I am using a BinaryReader to read a file and split by new line \n
into ReadOnlySpan<byte>
(to add context I want bytes and not strings as I am using Utf8JsonReader
and trying to avoid copying from string to byte array).
There is a reason for the large buffer it is deliberate - 16kB is OK for the application and is processed one buffer at a time.
However compared to File.ReadAllBytes(filename)
which completes in 1 second, the code below takes 30+ seconds on the same machine.
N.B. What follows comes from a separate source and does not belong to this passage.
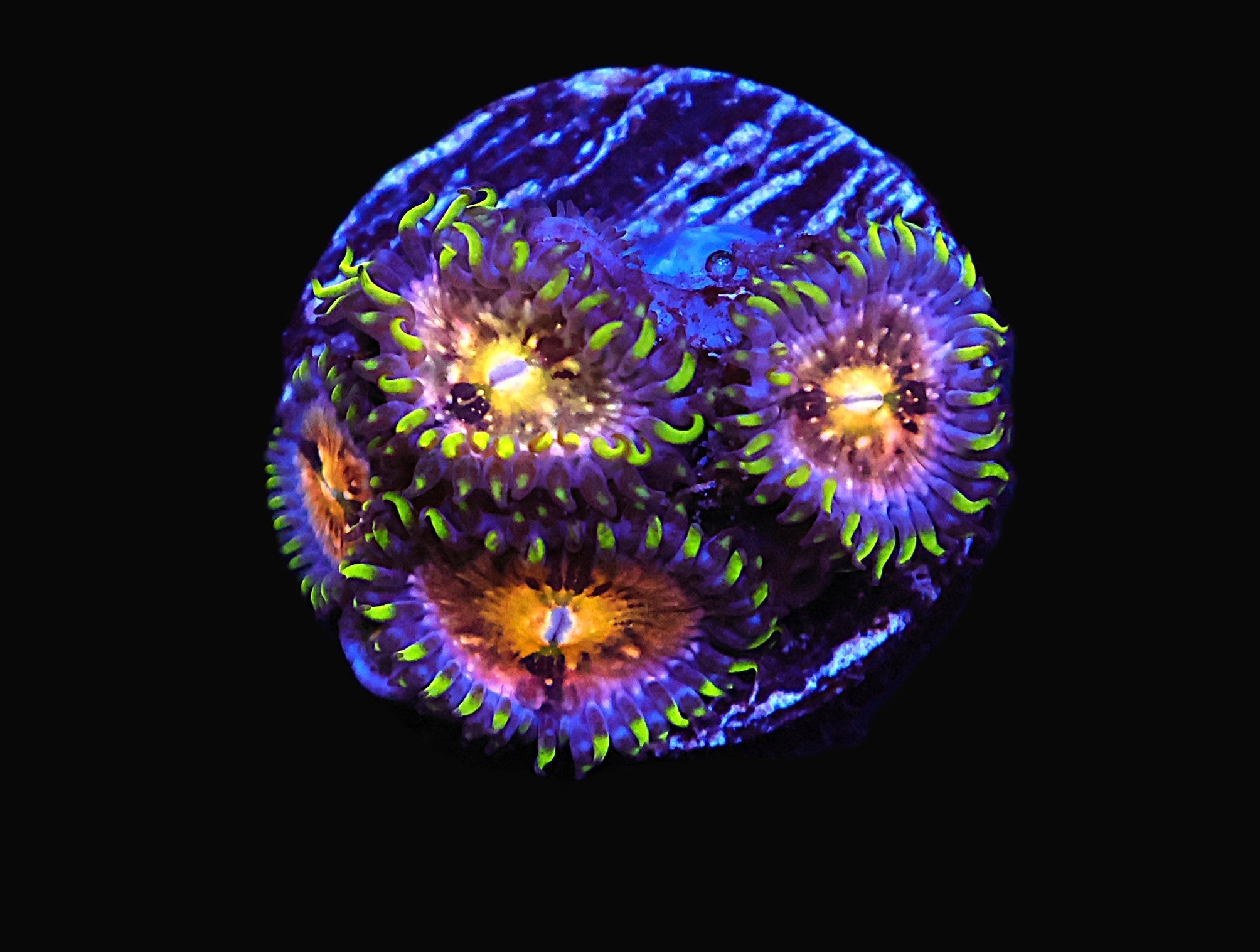 ICAZO579AC - SDC Nirvana Zoa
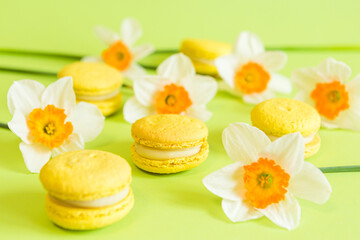 yellow French macaroons on a green background, with yellow daffodil flowers in a soft light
I am naively assuming BinaryReader
would be reading forward and caching in advance - seems not the case or at least not using any flags for this (I can't seem to fine any).
How can i improve my performance, or implement the line splitting via an alternative class?
static void Main(string[] args)
{
using var fileStream = File.Open(args[0], FileMode.Open);
using (var reader = new BinaryReader(fileStream))
{
var i = 0;
ReadOnlySpan<byte> line = null;
while ((line = reader.ReadLine()) != null)
{
// Process the line here, one at a time.
i++;
}
Console.WriteLine("Read line " + i);
}
}
public static class BinaryReaderExtensions
{
public static ReadOnlySpan<byte> ReadLine(this BinaryReader reader)
{
if (reader.IsEndOfStream())
return null;
// Buffer size is deliberate, we process one line at a time.
var buffer = new byte[16384];
var i = 0;
while (!reader.IsEndOfStream() && i < buffer.Length)
{
if((buffer[i] = reader.ReadByte()) == '\n')
return new ReadOnlySpan<byte>(buffer, 0, i + 1);
i++;
}
return null;
}
public static bool IsEndOfStream(this BinaryReader reader)
{
return reader.BaseStream.Position == reader.BaseStream.Length;
}
}